Ajouter quatre microgrammes par mL de l’agent de transfection polymère cationique au puits. Considérez-le comme le jour zéro de l’infection à lentivirus. Le premier jour, après 8 à 12 heures d’infection, remplacez le milieu contenant le virus par le milieu normal frais, tout en ajoutant 0,5 microgramme par mL de puromycine pour dépister les lignées cellulaires infectées stables.
Le deuxième jour, 48 heures après l’infection, remplacez progressivement le milieu surnageant par le milieu de reprogrammation. Modifiez un quart du volume moyen total avant d’ajouter trois CHIR99021 micromolaires. Du troisième au septième jour, en fonction de l’état des cellules, changez le milieu en le remplaçant progressivement par une proportion plus élevée de milieu de reprogrammation pour passer au milieu de reprogrammation complet dans les cinq jours.
Ensuite, détachez les cellules avec 500 microlitres d’enzyme digestive 0,05% trypsine-EDTA pendant trois minutes à température ambiante. Lorsqu’environ soixante pour cent des cellules ont flotté, arrêtez la digestion en ajoutant le milieu normal, deux fois le volume de l’enzyme digestive. Recueillir la suspension cellulaire dans un tube conique stérile de 15 mL pour centrifuger à 200 xg pendant cinq minutes à quatre degrés Celsius.
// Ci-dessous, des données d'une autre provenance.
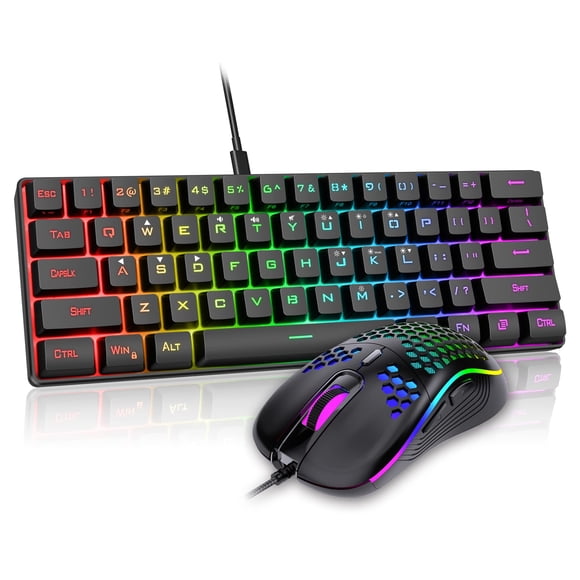 Combo de teclado y ratón para juegos RedThunder con cable 60% RGB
Retirez le surnageant avant de suspendre à nouveau la pastille cellulaire avec le milieu de reprogrammation. Lorsque vous avez terminé, plaquez les cellules re-suspendues dans un plat stérile de 60 millimètres. Cultivez les cellules à 37 degrés Celsius dans un incubateur humidifié à 5% de dioxyde de carbone.
Après quarante-huit heures d’infection à lentivirus dans les cellules HEK-293T, le succès de la production concentrée de lentivirus a été évalué en observant l’intensité de fluorescence de la GFP ou par cytométrie en flux. Le titre du virus concentré s’est avéré élevé entre 10 et 8e TU/mL. Au cours de la reprogrammation directe des fibroblastes, la morphologie cellulaire a changé progressivement en synapse cellulaire allongée et en noyaux cellulaires élargis.
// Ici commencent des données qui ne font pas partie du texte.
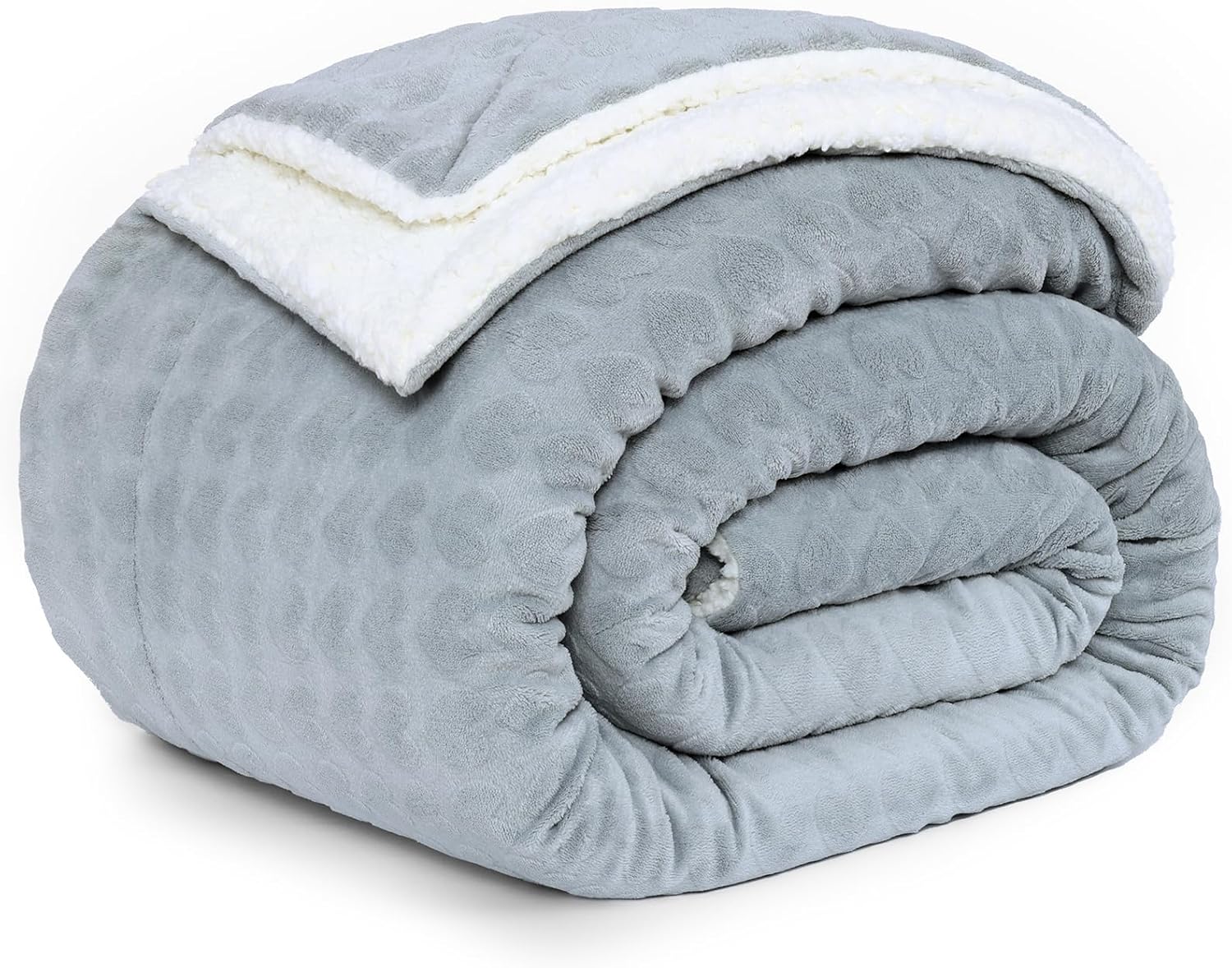 PanxHome Sherpa Blanket Queen Size,Soft Warm Thick Blanket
Cependant, les cellules vieillissaient progressivement après le vingtième jour. L’élimination des facteurs de transcription, Mitf, Pax3 ou Sox10, a entraîné le silence de l’expression des gènes mélanocytaires, Tyr, Tyrp1 et Mlana, indiquant le plus grand impact sur la conversion des fibroblastes en mélanocytes. Par conséquent, l’expression des gènes mélanocytaires induits par la programmation directe avec trois facteurs de transcription était plus élevée par rapport à six facteurs de transcription.
Pour identifier les mélanocytes induits par meF, ou iMels, l’expression de marqueurs mélanocytaires, TYRP1 et DCT a été détectée à l’aide d’une coloration immunofluorescente. De plus, les méthodes de coloration spécifiques à la mélanine telles que la coloration DOPA et Masson-Fontana ont montré des résultats positifs. Les cellules 293T doivent être réparties uniformément.
En outre, l’ajout de mélange de transfection aux cellules doit être fait doucement pour empêcher les cellules de flotter. Le protocole est stable et pratique et peut être utilisé pour reprogrammer d’autres types de cellules. Il prévoit de fournir une référence et une stratégie pour la reprogrammation directe in vivo de la régénération des mélanocytes dans la médecine future.